Qatar exercises option for 12 additional Dassault Rafale
April 16, 2024
Artist's illustration of a Qatar Emiri Air Force's Rafale. Photo source: Dassault

Qatar exercises option for 12 additional Dassault Rafale

Qatar has officially exercised its option for 12 additional Dassault Rafale multi-role fighters, increasing its planned Rafale fleet to 36 aircraft.

In its press statement, Dassault announced, “In the presence of the President of the French Republic, Mr. Emmanuel Macron, and his Highness Sheikh Tamim bin Hamad Al Thani, the Qatar Armed Forces and Dassault Aviation signed an agreement on future cooperation and the exercise of an option for 12 Rafale.”

In May, Dassault CEO Eric Trappier stated that the company was anticipating a new Rafale sale in 2018.

Qatar activated its contract $6.9 billion U.S. contract for 24 Rafale fighters – along with training, after-sale maintenance and support, and air-to-air and air-to-surface munitions – in December 2015.

Qatar has been a longstanding user of Dassault aircraft, having operated the Mirage F-1 and currently flying the Mirage 2000-5 and Alpha Jet. Doha’s Rafale acquisition aims to imbue the Qatar Emiri Air Force (QEAF) with a substantial boost to its air-to-air and stand-off range air-to-surface strike capabilities.

Under the core contract, the QEAF is to receive the MBDA SCALP air-launched cruise missile (ALCM), the AASM stand-off range air-to-surface munition, Meteor beyond-visual-range air-to-air missile (BVRAAM) and MICA-RF and MICA-IR BVRAAM.

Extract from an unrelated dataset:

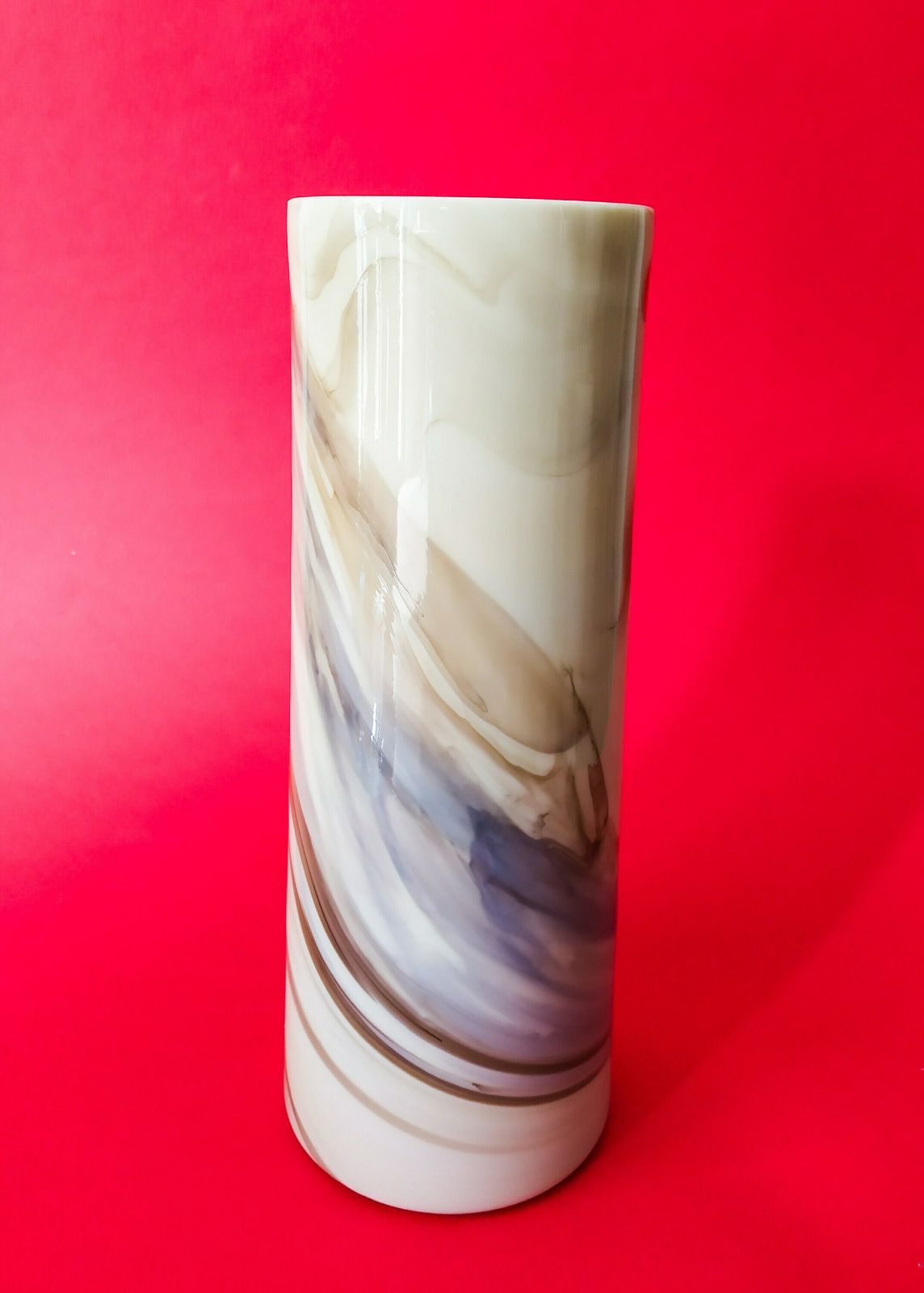 Murano Marbled Glass Vase Vintage Space Age Design Yalos Beige Vase Italian Glass photo furniture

Although the Rafale purchase alone will provide a significant leap in the QEAF’s quantitative strength and qualitative capabilities, Doha has also agreed to purchase 36 Boeing F-15QA and 24 Eurofighter Typhoon fighter aircraft. Washington had approved the sale of 72 F-15QA to Qatar.

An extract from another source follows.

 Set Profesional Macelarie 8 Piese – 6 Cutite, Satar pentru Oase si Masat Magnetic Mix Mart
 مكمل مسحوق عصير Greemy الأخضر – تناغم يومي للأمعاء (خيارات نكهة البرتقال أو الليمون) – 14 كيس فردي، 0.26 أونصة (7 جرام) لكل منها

The technical rationale of potentially redundant platforms is unclear, but the outcome of it is that it provides Qatar with linkages to aerospace giants in three major powers – i.e. the U.S., U.K and Western Europe. In the latter, Qatar has also procured weapons from Germany and Italy.

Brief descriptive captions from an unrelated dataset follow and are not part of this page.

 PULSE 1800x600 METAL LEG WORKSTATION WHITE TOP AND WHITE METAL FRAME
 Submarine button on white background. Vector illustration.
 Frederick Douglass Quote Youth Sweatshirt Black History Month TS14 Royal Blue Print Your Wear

With Qatar exercising its option and Egypt eager to exercise its own option for 12 aircraft, it is possible that Dassault’s attention in 2018 will shift to securing follow-on Rafale orders in India. Besides expanding upon the Indian Air Force order, in February Eric Trappier outlined that the French aviation giant was also eager to expand its business to include the Indian Navy’s bid for 57 new carrier-borne fighters.